Sistem penggolongan tarif cukai hasil tembakau berdasarkan jumlah produksi menjadi peluang bagi perusahaan rokok untuk bermanuver untuk melakukan penghindaran pajak.
Besaran tarif cukai yang ditentukan lewat ambang batas produksi juga menyebabkan adanya selisih tarif yang lebar antargolongan sehingga harga rokok di pasaran pun menjadi bervariasi. Hal ini mengakibatkan harga rokok masih terjangkau kendati pemerintah menaikkan tarif cukai hasil tembakau setiap tahunnya.
Ekonom senior Faisal Basri menilai struktur cukai di Indonesia yang terdiri dari 8 golongan saat ini masih terlalu banyak dan tidak efektif.

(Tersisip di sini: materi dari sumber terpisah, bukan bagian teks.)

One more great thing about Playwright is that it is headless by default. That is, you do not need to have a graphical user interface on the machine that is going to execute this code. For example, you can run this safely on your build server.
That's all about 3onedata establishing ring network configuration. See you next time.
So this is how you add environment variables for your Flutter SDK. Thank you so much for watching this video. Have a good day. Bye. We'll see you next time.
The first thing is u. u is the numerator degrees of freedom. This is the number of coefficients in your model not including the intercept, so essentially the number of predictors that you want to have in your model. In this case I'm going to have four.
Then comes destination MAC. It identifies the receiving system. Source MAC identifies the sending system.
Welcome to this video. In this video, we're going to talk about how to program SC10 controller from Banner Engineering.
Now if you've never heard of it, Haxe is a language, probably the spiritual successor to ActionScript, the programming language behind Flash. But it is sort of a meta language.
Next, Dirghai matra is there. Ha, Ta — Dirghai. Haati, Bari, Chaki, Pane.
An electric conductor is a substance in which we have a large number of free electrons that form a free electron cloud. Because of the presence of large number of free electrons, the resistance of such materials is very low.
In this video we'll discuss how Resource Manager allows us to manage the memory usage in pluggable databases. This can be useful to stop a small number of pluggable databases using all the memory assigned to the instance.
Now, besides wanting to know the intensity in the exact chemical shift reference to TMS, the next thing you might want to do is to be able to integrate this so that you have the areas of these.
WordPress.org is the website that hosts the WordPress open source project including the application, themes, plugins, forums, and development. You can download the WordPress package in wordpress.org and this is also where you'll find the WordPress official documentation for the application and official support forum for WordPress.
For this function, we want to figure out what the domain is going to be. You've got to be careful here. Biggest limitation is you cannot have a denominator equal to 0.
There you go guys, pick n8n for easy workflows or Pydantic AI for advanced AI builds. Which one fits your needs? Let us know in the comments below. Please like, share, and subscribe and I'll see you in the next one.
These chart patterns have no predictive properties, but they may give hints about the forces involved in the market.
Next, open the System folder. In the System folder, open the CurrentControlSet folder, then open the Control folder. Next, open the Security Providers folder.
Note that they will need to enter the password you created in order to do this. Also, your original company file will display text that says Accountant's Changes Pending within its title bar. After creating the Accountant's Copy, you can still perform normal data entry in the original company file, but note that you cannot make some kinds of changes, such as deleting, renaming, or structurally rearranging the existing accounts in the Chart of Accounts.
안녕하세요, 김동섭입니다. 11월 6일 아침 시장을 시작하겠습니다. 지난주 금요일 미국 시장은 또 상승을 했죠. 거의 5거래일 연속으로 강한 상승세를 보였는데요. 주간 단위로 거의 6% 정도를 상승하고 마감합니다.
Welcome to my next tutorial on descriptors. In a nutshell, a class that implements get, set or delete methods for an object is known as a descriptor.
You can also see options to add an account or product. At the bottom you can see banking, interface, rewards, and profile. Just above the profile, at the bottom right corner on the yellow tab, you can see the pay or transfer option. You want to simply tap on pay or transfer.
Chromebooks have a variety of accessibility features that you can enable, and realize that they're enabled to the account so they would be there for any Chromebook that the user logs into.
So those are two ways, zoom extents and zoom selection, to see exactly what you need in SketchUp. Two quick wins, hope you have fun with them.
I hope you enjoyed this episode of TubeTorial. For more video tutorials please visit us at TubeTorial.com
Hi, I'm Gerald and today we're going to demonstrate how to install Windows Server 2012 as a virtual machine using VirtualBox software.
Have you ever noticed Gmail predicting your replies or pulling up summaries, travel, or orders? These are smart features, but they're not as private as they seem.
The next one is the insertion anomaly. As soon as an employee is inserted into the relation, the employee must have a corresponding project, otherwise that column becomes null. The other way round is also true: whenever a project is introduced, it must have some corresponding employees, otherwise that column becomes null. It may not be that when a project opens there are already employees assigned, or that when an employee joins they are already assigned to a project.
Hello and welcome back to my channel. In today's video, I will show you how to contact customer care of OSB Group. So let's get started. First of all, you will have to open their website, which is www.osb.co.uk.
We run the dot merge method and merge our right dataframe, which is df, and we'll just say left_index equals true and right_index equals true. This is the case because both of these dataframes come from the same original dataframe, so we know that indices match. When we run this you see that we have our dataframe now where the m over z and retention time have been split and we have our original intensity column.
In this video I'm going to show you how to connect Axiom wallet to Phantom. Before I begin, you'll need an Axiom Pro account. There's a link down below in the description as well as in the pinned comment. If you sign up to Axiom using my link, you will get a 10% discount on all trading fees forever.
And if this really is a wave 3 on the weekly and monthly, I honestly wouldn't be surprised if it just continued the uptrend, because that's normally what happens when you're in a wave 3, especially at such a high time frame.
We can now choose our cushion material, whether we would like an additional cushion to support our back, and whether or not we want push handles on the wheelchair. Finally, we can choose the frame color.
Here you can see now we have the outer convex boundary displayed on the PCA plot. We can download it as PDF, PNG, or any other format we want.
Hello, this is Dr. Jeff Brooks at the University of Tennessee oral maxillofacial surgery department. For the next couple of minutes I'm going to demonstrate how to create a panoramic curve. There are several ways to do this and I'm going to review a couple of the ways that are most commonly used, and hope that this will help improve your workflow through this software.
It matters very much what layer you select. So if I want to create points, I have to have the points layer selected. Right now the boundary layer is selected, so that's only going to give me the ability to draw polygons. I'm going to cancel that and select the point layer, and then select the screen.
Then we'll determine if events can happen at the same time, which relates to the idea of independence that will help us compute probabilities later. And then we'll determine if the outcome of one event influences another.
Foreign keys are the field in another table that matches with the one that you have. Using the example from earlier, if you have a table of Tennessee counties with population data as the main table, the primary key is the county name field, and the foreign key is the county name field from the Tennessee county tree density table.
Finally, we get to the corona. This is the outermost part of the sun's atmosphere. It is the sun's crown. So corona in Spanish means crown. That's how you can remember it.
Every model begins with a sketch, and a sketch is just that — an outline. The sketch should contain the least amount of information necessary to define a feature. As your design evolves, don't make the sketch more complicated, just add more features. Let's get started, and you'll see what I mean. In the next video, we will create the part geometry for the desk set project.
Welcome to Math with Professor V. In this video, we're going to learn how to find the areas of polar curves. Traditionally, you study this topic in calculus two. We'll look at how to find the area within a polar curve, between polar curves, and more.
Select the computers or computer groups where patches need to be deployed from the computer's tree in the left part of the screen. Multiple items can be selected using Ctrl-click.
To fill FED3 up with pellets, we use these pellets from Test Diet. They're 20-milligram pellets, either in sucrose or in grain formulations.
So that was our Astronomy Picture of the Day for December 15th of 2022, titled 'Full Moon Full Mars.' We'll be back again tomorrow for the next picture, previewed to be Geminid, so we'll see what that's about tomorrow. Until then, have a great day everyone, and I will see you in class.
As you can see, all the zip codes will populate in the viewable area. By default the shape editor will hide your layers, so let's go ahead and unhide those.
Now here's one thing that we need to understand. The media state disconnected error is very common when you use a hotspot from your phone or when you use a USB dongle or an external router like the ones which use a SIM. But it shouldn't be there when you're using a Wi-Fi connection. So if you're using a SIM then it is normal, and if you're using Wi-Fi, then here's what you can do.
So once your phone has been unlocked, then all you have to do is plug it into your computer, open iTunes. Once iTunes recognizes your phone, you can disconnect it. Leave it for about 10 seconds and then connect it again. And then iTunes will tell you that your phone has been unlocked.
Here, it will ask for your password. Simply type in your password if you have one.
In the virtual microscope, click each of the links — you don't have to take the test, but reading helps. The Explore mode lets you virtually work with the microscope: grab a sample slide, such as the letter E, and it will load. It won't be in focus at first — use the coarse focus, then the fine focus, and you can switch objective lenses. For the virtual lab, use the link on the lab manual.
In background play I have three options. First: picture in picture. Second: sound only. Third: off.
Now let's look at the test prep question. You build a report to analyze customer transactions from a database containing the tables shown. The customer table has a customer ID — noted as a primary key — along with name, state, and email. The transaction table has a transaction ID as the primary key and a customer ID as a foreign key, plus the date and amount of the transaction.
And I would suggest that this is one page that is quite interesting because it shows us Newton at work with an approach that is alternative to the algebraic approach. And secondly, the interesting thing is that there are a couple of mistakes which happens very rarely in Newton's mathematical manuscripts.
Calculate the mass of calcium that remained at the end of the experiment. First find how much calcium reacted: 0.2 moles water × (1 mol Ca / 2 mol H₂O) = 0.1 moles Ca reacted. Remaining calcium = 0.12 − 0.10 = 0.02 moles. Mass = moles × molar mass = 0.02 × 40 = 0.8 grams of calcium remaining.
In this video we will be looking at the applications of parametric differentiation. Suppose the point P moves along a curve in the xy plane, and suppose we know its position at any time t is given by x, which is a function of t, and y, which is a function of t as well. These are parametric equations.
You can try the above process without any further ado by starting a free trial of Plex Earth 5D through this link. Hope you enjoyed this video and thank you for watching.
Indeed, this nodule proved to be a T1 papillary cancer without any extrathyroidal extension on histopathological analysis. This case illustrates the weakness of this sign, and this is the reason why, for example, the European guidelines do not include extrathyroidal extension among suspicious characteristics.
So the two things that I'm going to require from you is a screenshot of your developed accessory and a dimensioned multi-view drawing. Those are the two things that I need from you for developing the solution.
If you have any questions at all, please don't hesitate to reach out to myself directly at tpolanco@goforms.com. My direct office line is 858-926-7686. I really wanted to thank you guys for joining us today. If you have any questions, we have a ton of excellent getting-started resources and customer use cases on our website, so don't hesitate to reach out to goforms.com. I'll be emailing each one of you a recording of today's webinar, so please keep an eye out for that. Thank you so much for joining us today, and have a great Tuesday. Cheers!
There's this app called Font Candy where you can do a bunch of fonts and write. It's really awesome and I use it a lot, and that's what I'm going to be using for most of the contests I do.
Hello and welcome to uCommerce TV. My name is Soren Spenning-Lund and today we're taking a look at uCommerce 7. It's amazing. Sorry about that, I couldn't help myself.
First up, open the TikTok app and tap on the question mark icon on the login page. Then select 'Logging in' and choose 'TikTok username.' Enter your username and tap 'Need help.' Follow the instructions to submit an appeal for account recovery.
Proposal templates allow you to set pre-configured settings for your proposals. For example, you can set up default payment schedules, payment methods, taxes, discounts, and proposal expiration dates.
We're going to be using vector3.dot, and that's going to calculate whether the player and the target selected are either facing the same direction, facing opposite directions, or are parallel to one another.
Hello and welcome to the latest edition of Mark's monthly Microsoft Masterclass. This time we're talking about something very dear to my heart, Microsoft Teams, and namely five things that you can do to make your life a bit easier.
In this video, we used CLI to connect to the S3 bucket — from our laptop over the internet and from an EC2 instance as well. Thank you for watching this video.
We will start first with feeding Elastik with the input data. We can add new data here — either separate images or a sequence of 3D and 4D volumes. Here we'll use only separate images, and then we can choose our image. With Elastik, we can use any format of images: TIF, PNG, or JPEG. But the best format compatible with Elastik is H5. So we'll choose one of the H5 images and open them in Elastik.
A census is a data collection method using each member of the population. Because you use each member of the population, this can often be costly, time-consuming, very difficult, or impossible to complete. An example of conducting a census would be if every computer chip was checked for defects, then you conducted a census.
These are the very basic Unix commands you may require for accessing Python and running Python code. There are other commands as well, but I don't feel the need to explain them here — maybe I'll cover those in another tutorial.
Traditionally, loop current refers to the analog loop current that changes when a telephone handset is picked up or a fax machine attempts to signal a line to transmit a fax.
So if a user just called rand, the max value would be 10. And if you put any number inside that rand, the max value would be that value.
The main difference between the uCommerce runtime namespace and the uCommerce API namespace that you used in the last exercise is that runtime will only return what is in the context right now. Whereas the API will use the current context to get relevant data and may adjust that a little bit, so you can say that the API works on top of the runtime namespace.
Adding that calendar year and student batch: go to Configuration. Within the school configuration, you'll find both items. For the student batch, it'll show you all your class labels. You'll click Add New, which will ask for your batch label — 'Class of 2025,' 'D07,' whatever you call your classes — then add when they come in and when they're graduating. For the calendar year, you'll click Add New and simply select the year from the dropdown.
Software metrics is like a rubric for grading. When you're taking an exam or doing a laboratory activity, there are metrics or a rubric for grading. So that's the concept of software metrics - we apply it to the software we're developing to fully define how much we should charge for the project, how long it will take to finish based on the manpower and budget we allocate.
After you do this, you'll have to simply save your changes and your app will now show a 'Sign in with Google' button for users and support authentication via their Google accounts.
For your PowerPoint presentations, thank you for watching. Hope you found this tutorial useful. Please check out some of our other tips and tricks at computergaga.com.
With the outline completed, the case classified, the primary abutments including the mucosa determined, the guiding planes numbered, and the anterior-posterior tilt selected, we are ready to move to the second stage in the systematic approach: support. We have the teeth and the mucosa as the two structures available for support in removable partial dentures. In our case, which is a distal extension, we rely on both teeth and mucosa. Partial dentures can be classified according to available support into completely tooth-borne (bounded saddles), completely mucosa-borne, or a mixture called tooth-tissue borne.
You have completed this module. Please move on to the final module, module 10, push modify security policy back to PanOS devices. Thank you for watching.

SCROLL TO CONTINUE WITH CONTENT
"Struktur 8 layer itu masih memberikan degree of maneuverability kepada perusahaan untuk menyiasati kenaikan cukai," ujarnya Faisal Basri, Selasa (14/6/2022).
Dia pun menyoroti terkait batasan produksi yang dijadikan indikator penggolongan perusahaan. "Jika dikaitkan dengan kesehatan, batasan 3 miliar batang itu apa urusannya?" katanya. Itulah sebabnya dia mendorong dilanjutkannya kebijakan simplifikasi struktur tarif cukai.
Faisal berharap pemerintah dapat merevisi ketentuan terkait pengaturan penggolongan pabrikan rokok yang dinilai tak lagi relevan, terutama terkait besaran batasan golongan 2.
"Adanya penggolongan ini kan concern-nya untuk UKM. Pengertian UKM itu apa? Rasanya pabrikan rokok mesin itu bukan UKM lagi. Oleh karena itu sigaret kretek mesin tidak perlu ada penggolongan karena perusahaan rokok besar semua," katanya.
Analis Kebijakan Badan Kebijakan Fiskal Febri Pangestu menambahkan bahwa pembedaan golongan berdasarkan jenis dan produksi rokok menjadi penyebab kompleksnya struktur tarif cukai di Indonesia.